現時点では、政府の対応策には企業や個人に対する休業補償は含まれていません。しかし、感染拡大防止の施策を積極的に進めるのであれば、休業補償のような一人ひとりの生活を守るための対策も必須です。緊急対応策は、専門家会議見解及び基本方針の発表前に決められたものですので、第二弾の早急な対応策の提示が求められていると言えます。

視点③ 法的・制度的な問題

感染症対策は非常事態ですので、様々な法的・制度的な問題が生じ得ます。

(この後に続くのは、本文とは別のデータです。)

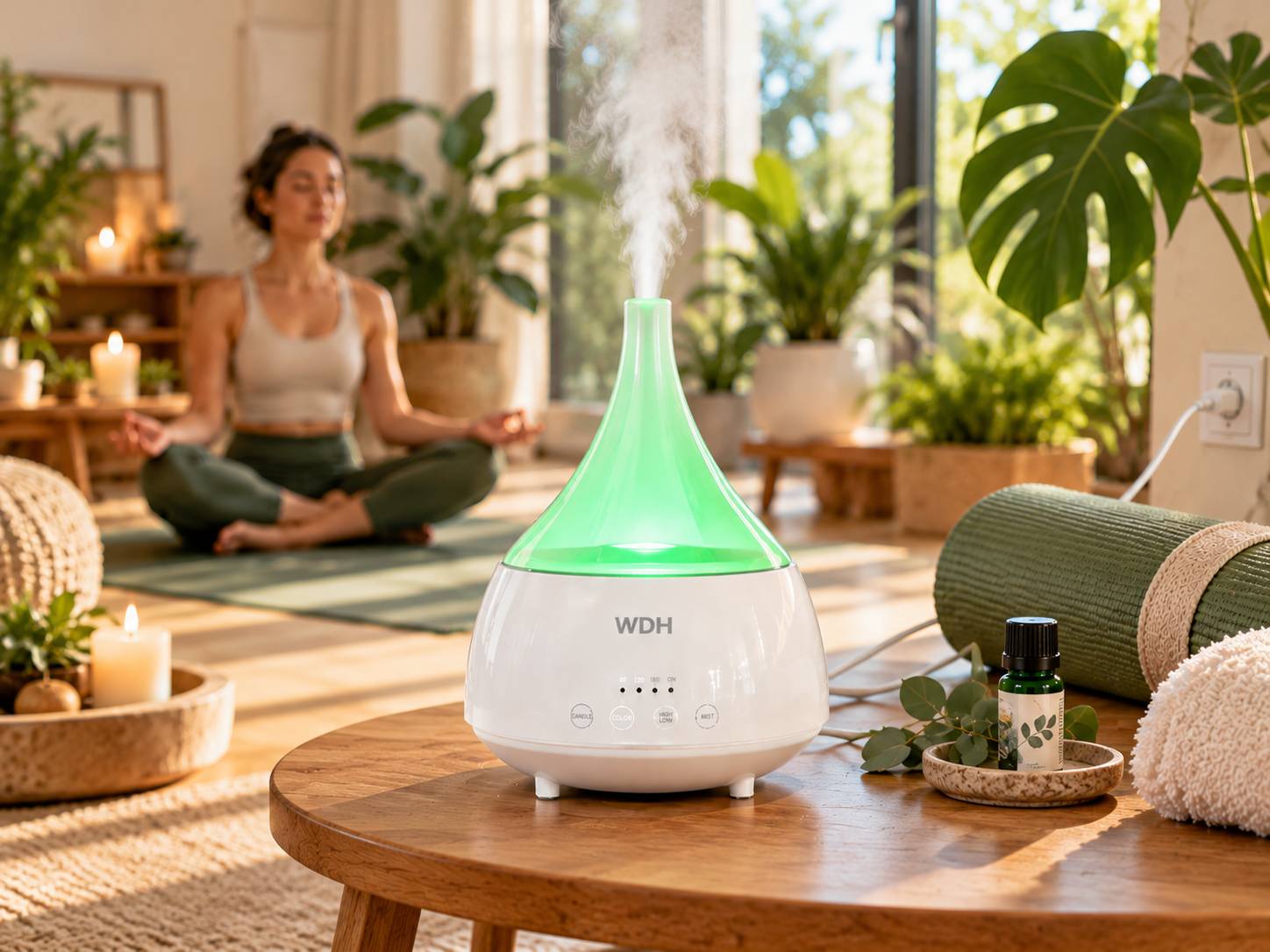 WDH Aroma Diffuser WDH-AD31 - 20m² - Ultraschall-Hochfrequenz-Oszillation - 12W - leiser Betrieb - für Schlafzimmer,Büro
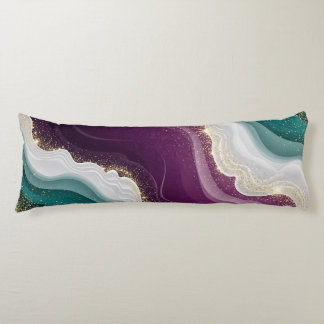 Luxury Gold Glitter Marble Pattern Seitenschläferkissen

現時点での政府の新型コロナウイルス対策は法的・制度的には大きな変更を伴わない形で進められています。

新型インフルエンザに関しては「新型インフルエンザ等特別措置法」があり、この法律に基づき新型インフルエンザ等緊急事態宣言を発した場合には、例えば、臨時の病院建設の場合には消防法・建築基準法等が適用されないなどの例外措置が規定されています。この法律に基づく「新型インフルエンザ等対策政府行動計画」※6をみると、法的・制度的な問題も含めて、感染症対策の課題が俯瞰できます。もちろん新型インフルエンザと新型コロナウイルスは異なりますが、感染症対策という観点からは共通点も多くとても参考になります。

新型インフルエンザ等特別措置法を直接適用するかどうかは別として、法的・制度的な問題が生じた際に解決の糸口になるものと思われます。

これから大切なこと、必要なこと

視点①で紹介した専門家会議見解は、厳しい現状認識の下で、今、感染拡大防止のためにすべきことを具体的に示しています。真の意味での「基本方針」と言ってもよいと思います。冷静にこれを受け止めて、私たち一人ひとりができることを実践していくことが大切です。

この1~2週間の動向が、国内で急速に感染が拡大するかどうかの瀬戸際であると考えています。そのため、我々市民がそれぞれできることを実践していかねばなりません。

(「専門家会議見解」より引用)

他方、現時点までの政府の施策に「要請」が多いのは、視点②(経済的・社会的な影響)と視点③(法的・制度的な問題)が弱いことの現れです。3つの視点を合わせ持つことで、「我々市民がそれぞれできること」も増えていきます。特に視点②の経済的・社会的な影響を考慮して、政府は、休業補償、資金繰り、事業継続のための財政的な対策を打ち出すべきです。感染拡大の防止は、時間との闘いでもあります。迅速な意思決定と実行が何より重要です。

私たちは、一人ひとりができることを実践するのと合わせて、主権者として適切な施策を迅速に実行するように政府に対して求めていくという役割を担っているのだと思います。